Conflenti - 10 febbraio 2023 -
vite rubate
L’orfananza - Nel dare alla luce un bambino, mia mamma morì.
L’orfananza
Nel dare alla luce un bambino, mia mamma morì. Io avevo quattro anni. Quell’età tenerissima non mi risparmiò dalle usanze locali, e mi vestirono a lutto. Ho ancora davanti agli occhi il vestituccio nero che mi misero addosso. Il colore luttuoso accompagnando la mia prima infanzia tinse di scuro anche il mio animo, e spegneva sul nascere ogni impulso alla gioia. In casa si creò un’atmosfera di sofferenza che m’impediva di vivere nella normalità dell’infanzia, anche se ppe’ ‘nna criatura (per una bambina piccola) non è mai normale vivere senza la mamma. Quando giocando mi capitava di ridere, mia nonna me guardava stùartu cumu si ‘u luttu ppe’ ra morte d’‘a figlia nun ne l’avìamu de scurdare mancu ‘nu minutu (mi guardava con occhi torvi come se il lutto per la morte della figlia non dovessimo scordarcelo nemmeno per un minuto).

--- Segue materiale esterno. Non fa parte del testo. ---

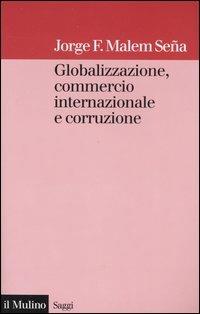 Globalizzazione, commercio internazionale e corruzione - Jorge F. Malem Seña - copertina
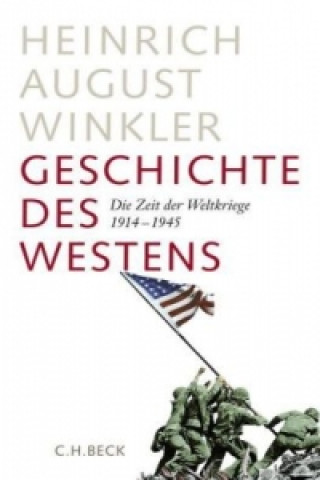 Könyv Die Zeit der Weltkriege. 1914-1945 Heinrich A. Winkler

Oltre all’immagine cupa del nero e all’espressione dolorosa dei volti dei miei familiari, altri due fatti mi sono rimasti impressi: l’instabilità che prese la mia vita, perché venivo collocata di volta in volta presso una o un’altra famiglia di parenti, a seconda della disponibilità; e l’affannosa ricerca di latte materno per alimentare il neonato, che rischiava di morire. Finalmente, piuttosto lontano da casa, fu trovata un’asina che aveva partorito e fa il latte più simile a quello delle donne. Io, priva ancora della possibilità razionale di discernere, sentivo istintivamente un sentimento misto di amore e di rancore per quel fratello, perché avevo intuito il legame tra la sua nascita e la morte di mamma.

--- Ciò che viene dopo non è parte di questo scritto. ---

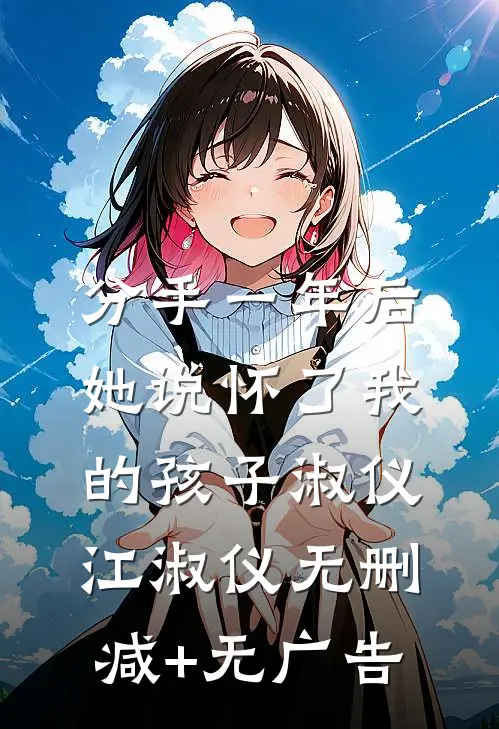 分手一年后，她说怀了我的孩子淑仪江淑仪无删减+无广告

Il periodo della mia fanciullezza, trascorsa durante la seconda guerra mondiale e nella povertà della famiglia, non mi aiutò a superare quell’ombra luttuosa dell’infanzia, finché a diciotto anni m’innamorai di un giovane, anche lui orfano. In quegli anni c’erano molti orfani in questi paesi, perché tanti padri erano morti in guerra, e altri continuavano a morire sotto i crolli delle miniere nelle nazioni straniere, mentre estraevano carbone o per le malattie che prendevano in quelle gallerie senza aria.
Ci sposammo nel giro di pochi mesi, il tempo di preparare il necessario per avviare alla buona la nostra vita matrimoniale. Insieme riuscimmo a superare il sentimento delle sciagure familiari e a rinforzare la fiducia nella vita. Allora il nero che mi aveva accompagnato da bambina incominciò a scomparire dalla mia visione, e mi circondai di verde perché è il colore dei prati e della speranza.